**Task to complete:** In the material below, pictures must be dropped. Repeat exactly, and only, the lines from the line with "Use Inspector for" to the line with "Followed by schema", both ends included.

**Study material:**
▬▬▬▬▬▬▬▬▬▬
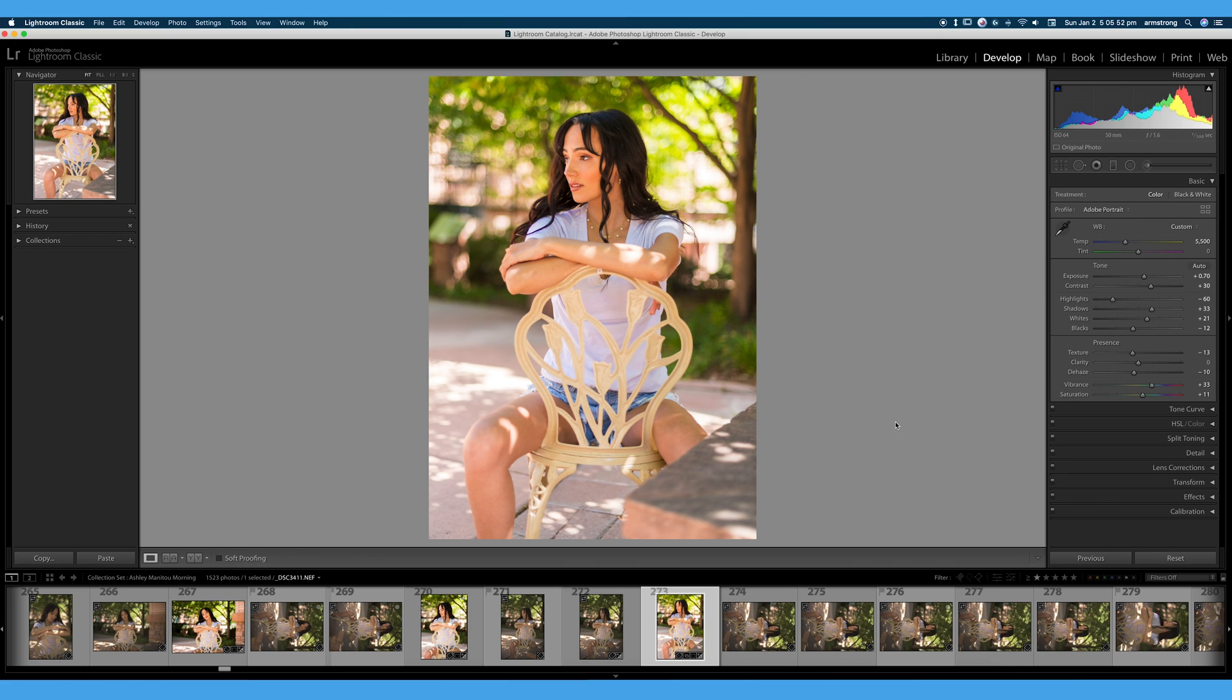And especially for portraits, you want to be very light on the saturation. And if you need to add more color, go to your vibrance slider first. So I hope you learned the difference between vibrance and saturation in this video.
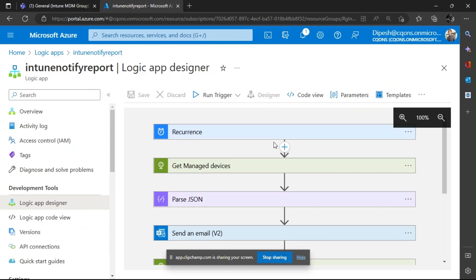Welcome back to another video. For an Intune admin it is always helpful to get an overview of the current status of a tenant and an overview of the managed devices in the field. In this video I would like to explain how you can use Logic Apps to send a detailed daily report.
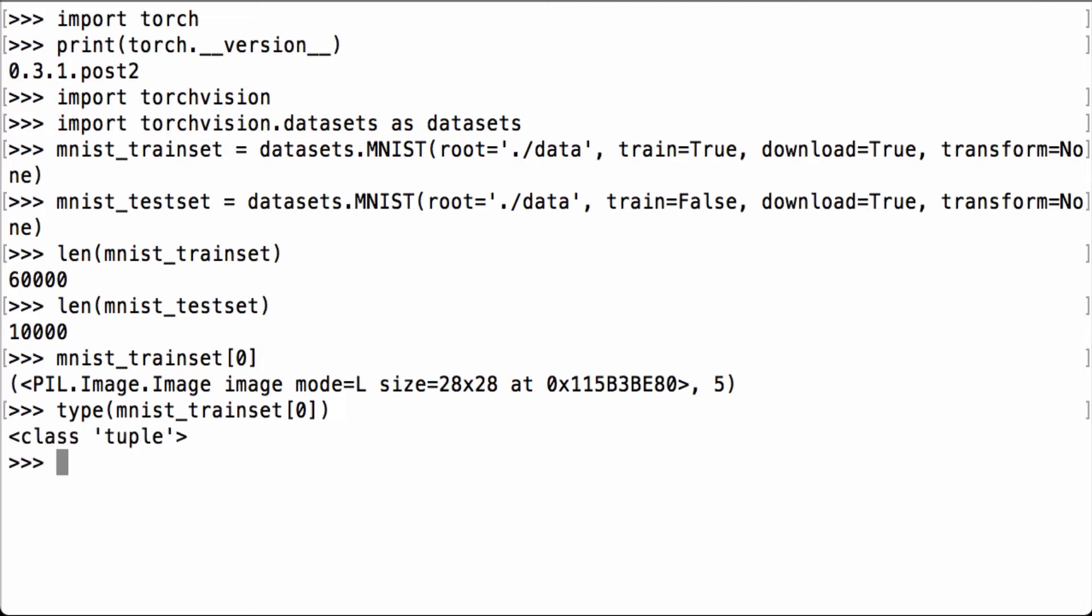It tells us that this is a Python tuple. Python tuples are a sequence of immutable Python objects. In this case, it's a two-element sequence, where the first element is a PIL image, and the second is an integer.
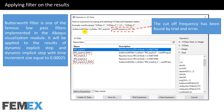Now I want to use a Butterworth filter to filter the results of model 8 and model 10. The Butterworth filter is one of the famous low-pass filters implemented in the Abaqus visualization module. It will be applied to the results of the dynamic explicit step and dynamic implicit step with time increment size equal to 0.00025. I will set the cutoff frequency to 85 Hz, which was found by trial and error.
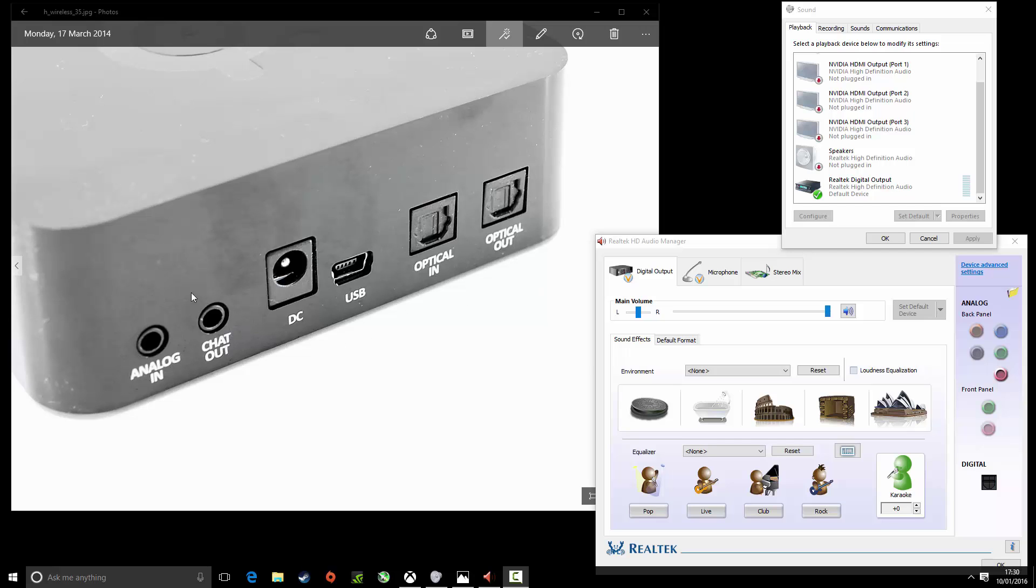You're going to need to load up your SteelSeries Hub. When you're on your SteelSeries Hub go to the settings and select optical in as usual to choose that one for your PC but instead of chat out you're now going to use, so yeah instead of the USB out you're now going to choose chat out.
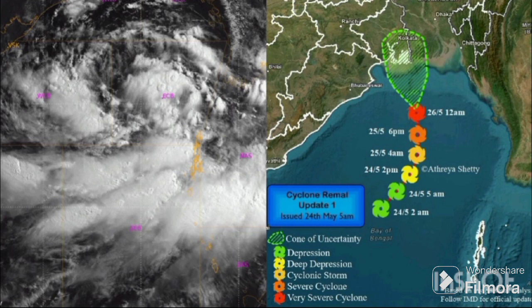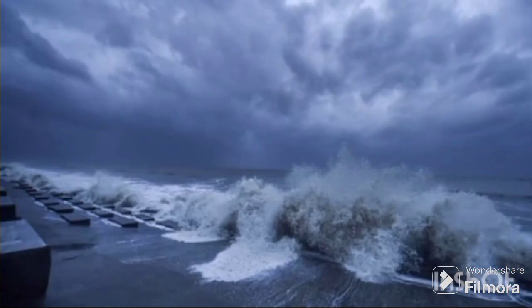Now let's see the formation of Cyclone Rimal. Cyclone Rimal began forming from a low pressure system over the South West and West Central Bay of Bengal. The Bay of Bengal experiences water temperatures warmer than average, and this warm water provides the energy needed for cyclones to form and intensify.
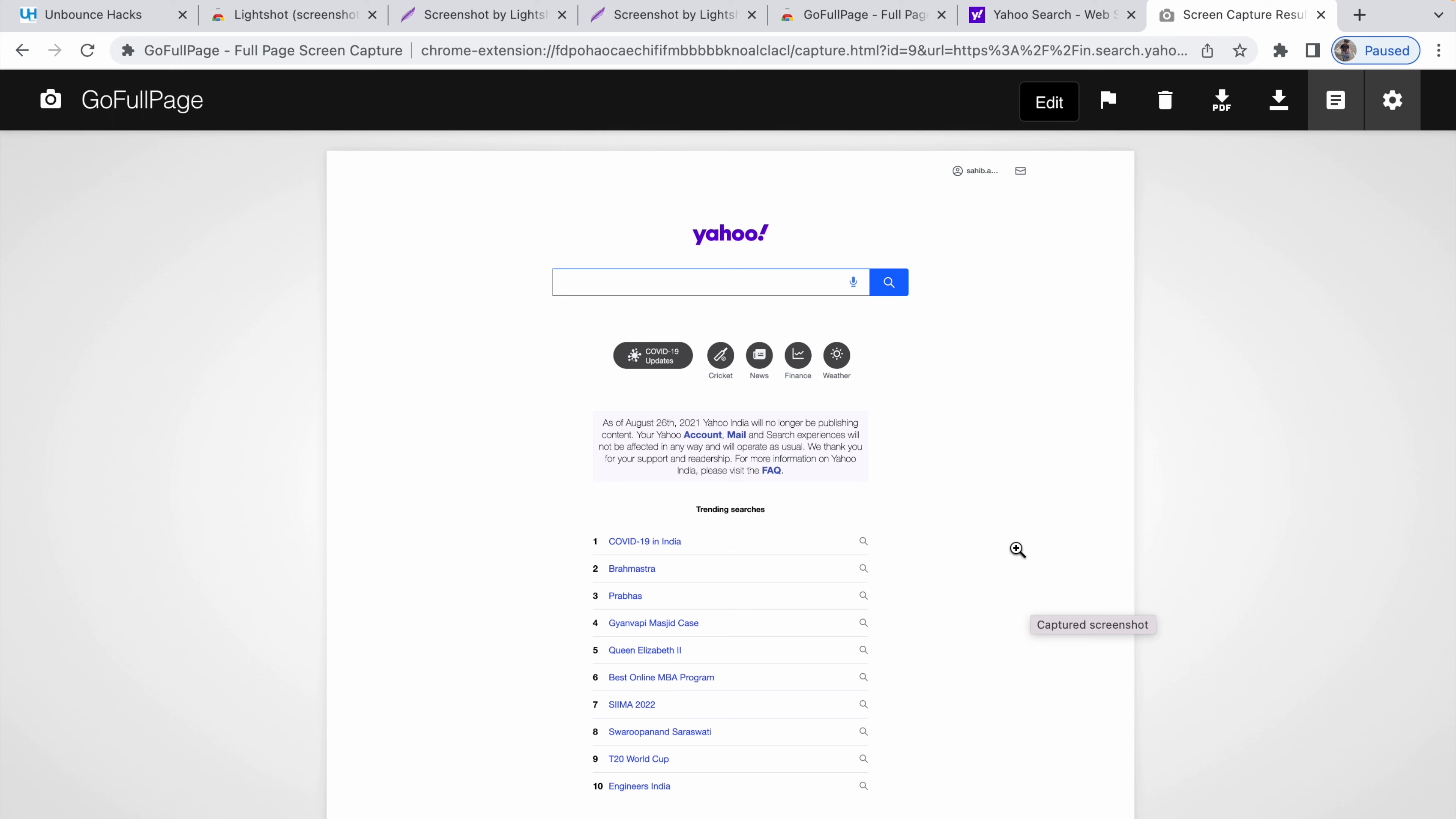So these are two great extensions that I use for my regular work to download screenshots and to download full pages whenever I need. Now you can download these extensions in your browser and make use of them. I have shared the link in the description below. If you have anything you would like to add, please let me know in the comments below. Make sure to like this video, subscribe to the channel, and share it with others. See you in the next video.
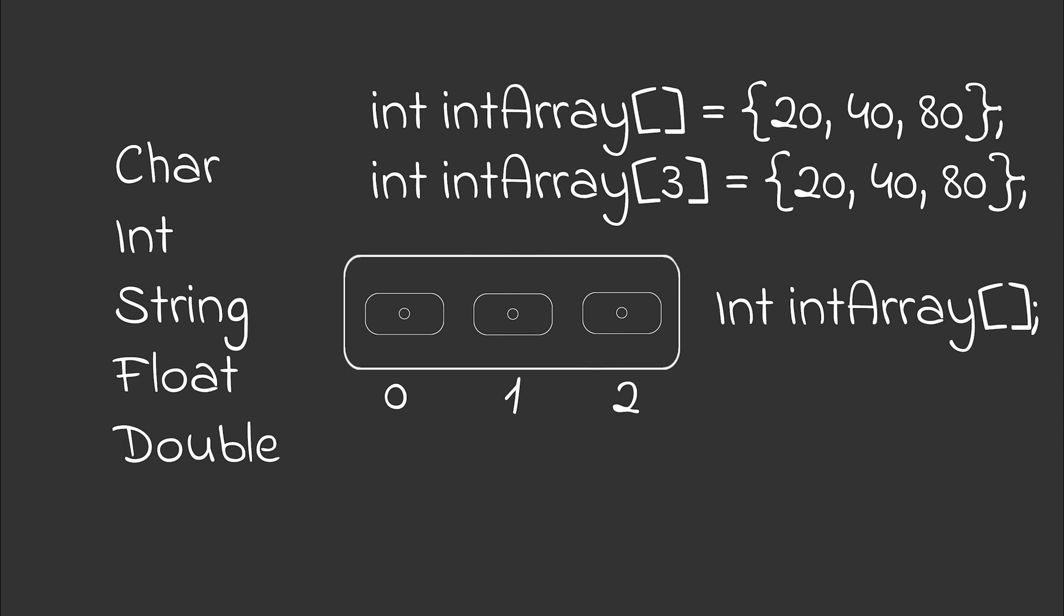Another important thing to keep in mind is that the size cannot be altered later. So if you define an array with a size of three, it will always stay the size of three. There are workarounds like copying the old array into a new array with a bigger size or a smaller size. But originally the array cannot be altered in size.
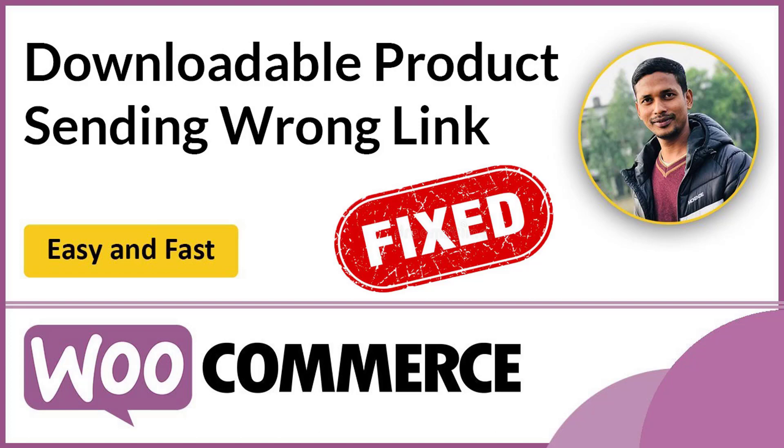Hey there, welcome to my YouTube channel. In this tutorial, I'm going to show you how to fix WordPress WooCommerce downloadable products sending the wrong link. So if you're facing this type of problem and want an easy and fast solution, then you can continue this video. Let's get started.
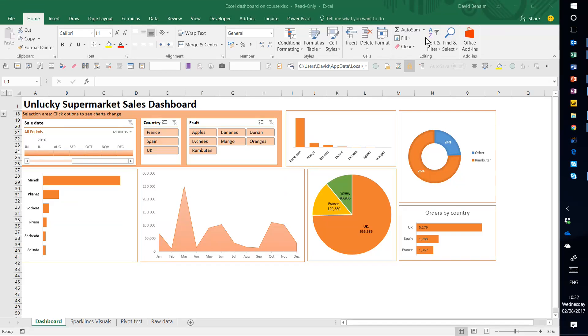In this video I'm going to show you how to create something awesome like this in Excel. So it's a nice pretty dashboard but it's so much more than that. It's interactive.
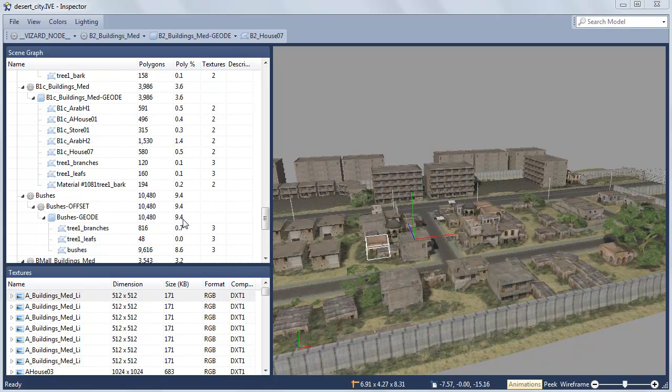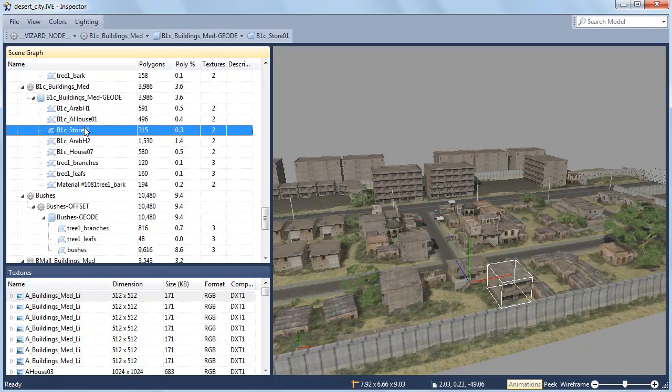Use Inspector for browsing the scene graph of wizard-compatible 3D models. Click a name in the tree to select the corresponding subpart in the viewer.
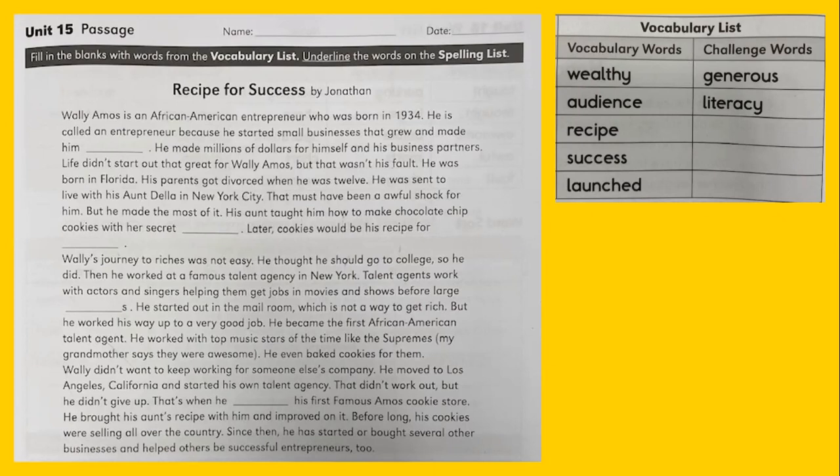Wally's journey to riches was not easy. He thought he should go to college, so he did. Then he worked at a famous talent agency in New York. Talent agents work with actors and singers, helping them get jobs in movies and shows before large blank. He started out in the mailroom, which is not a way to get rich, but he worked his way up to a very good job. He became the first African-American talent agent.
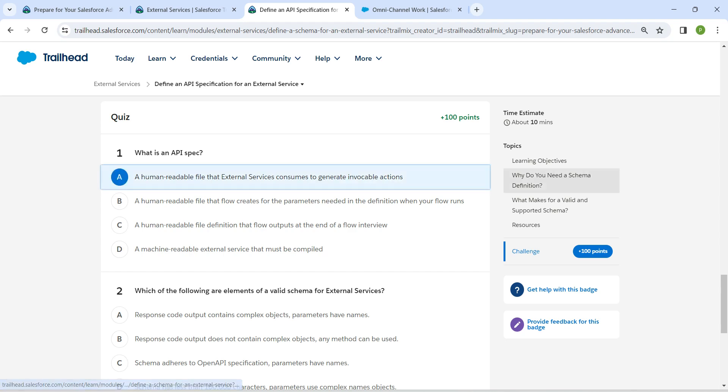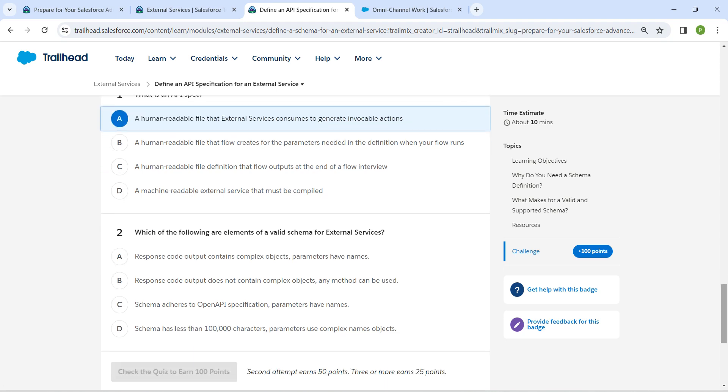Followed by schema adheres to OpenAPI specification, parameters have names would be the answer for our second quiz.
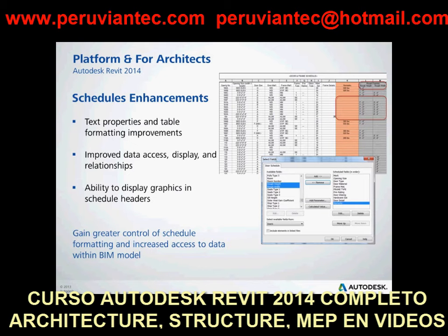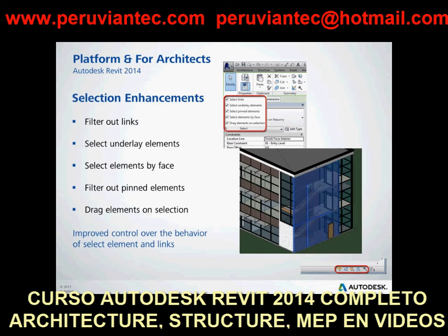In this release, new options enable you to determine whether you can select linked elements, underlay elements, pinned elements, and elements by face in a model. You can enable the Select Links option when you want to be able to select linked files and individual elements in the links. Linked files can include Revit models, CAD files, and point clouds.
▬▬▬▬▬▬▬▬▬▬
**Answer for the task:**
Use Inspector for browsing the scene graph of wizard-compatible 3D models. Click a name in the tree to select the corresponding subpart in the viewer.
Wally's journey to riches was not easy. He thought he should go to college, so he did. Then he worked at a famous talent agency in New York. Talent agents work with actors and singers, helping them get jobs in movies and shows before large blank. He started out in the mailroom, which is not a way to get rich, but he worked his way up to a very good job. He became the first African-American talent agent.
Followed by schema adheres to OpenAPI specification, parameters have names would be the answer for our second quiz.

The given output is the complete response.